Interestingly, Ember’s proposed cost-optimal pathway requires a higher total fixed expenditure of $168 billion over 2024 to 2037. However, as the transition to renewables will cut Thailand’s gas imports by almost two times, it will save nearly $16 billion in fuel costs, according to the report.

The report also points out that wind energy is not very cost-competitive under the low cost pathway, as Thailand has limited wind resources. But, if Thailand chooses to import hydropower from neighbouring Laos, then it will reduce overall system costs. 

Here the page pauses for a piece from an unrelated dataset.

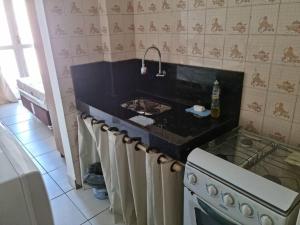 una cocina con estufa y encimera en Apartamento Centro Guarapari- ES, en Guarapari 10 fotos más
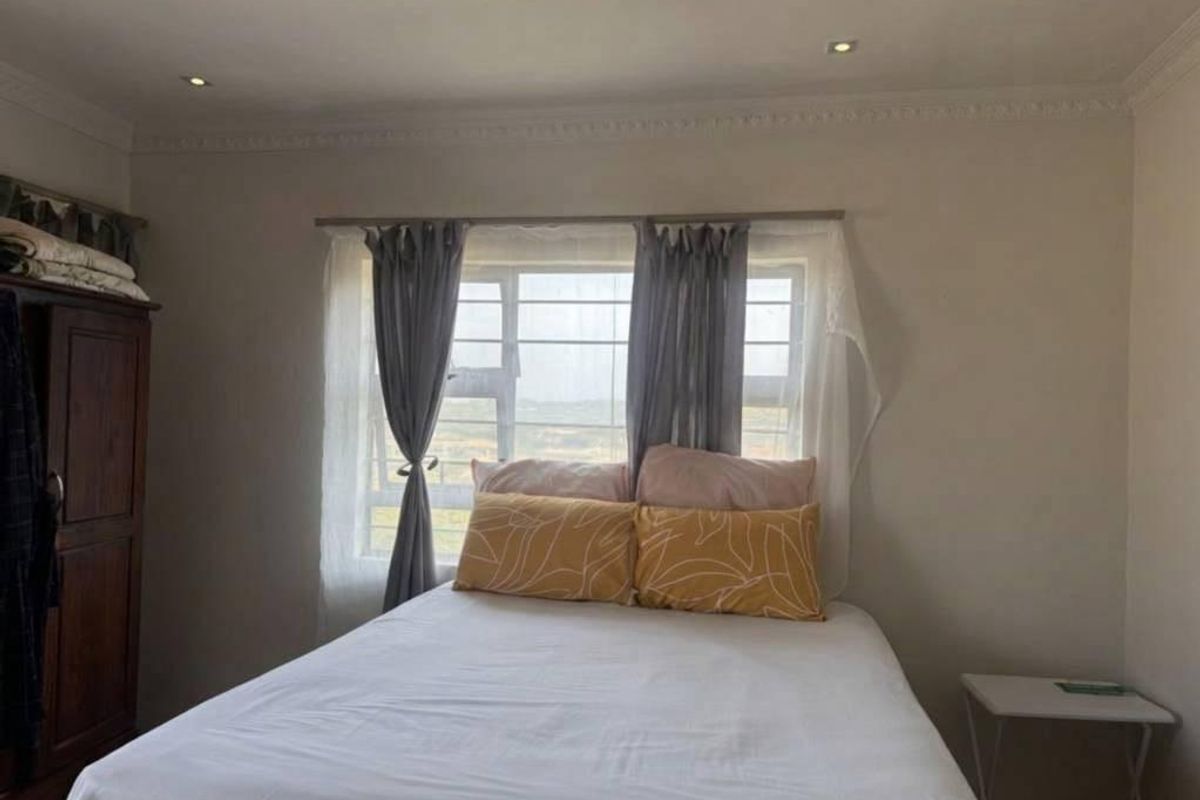 A standard bedroom featuring recessed downlights, decorative cornice, and a window fitted with security bars.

Though Thailand has broad ambitions of transitioning to a cleaner economy, fossil fuels have historically dominated the country’s power system. Coal and gas  accounted for over 80% of electricity generation in 2024 with natural gas taking around 68%, found the report. 

On the other hand, renewables have not been scaled up to their potential. Domestic hydropower contributes just 3% of the total generation, while solar’s installed capacity as of 2024 was just 3.4 GW. 

But the country has enormous potential for deploying renewables, especially solar. The report found that Thailand has tapped just 1% of its solar potential, so there’s scope for expansion.

It is necessary also, as Thailand’s energy demand is expected to grow quite strongly. Two strong factors driving this would be the wider adoption of electric vehicles and a data center boom.

The report found that EVs are likely to account for 20% of total electricity demand by 2037, while data centers will drive demand growth by 10 TWh by the same year. 

“Emerging countries are at a crossroads of meeting a rising electricity demand at affordable costs to drive the economy while cutting emissions for sustainability goals. Solar, coupled with battery storage, represents the optimal pathway to address this trilemma. The energy transition of Thailand towards home-grown renewables could lower energy costs, cut emissions, and strengthen energy security by mitigating dependence on fossil fuel imports,” said Lam Pham, energy analyst at Ember.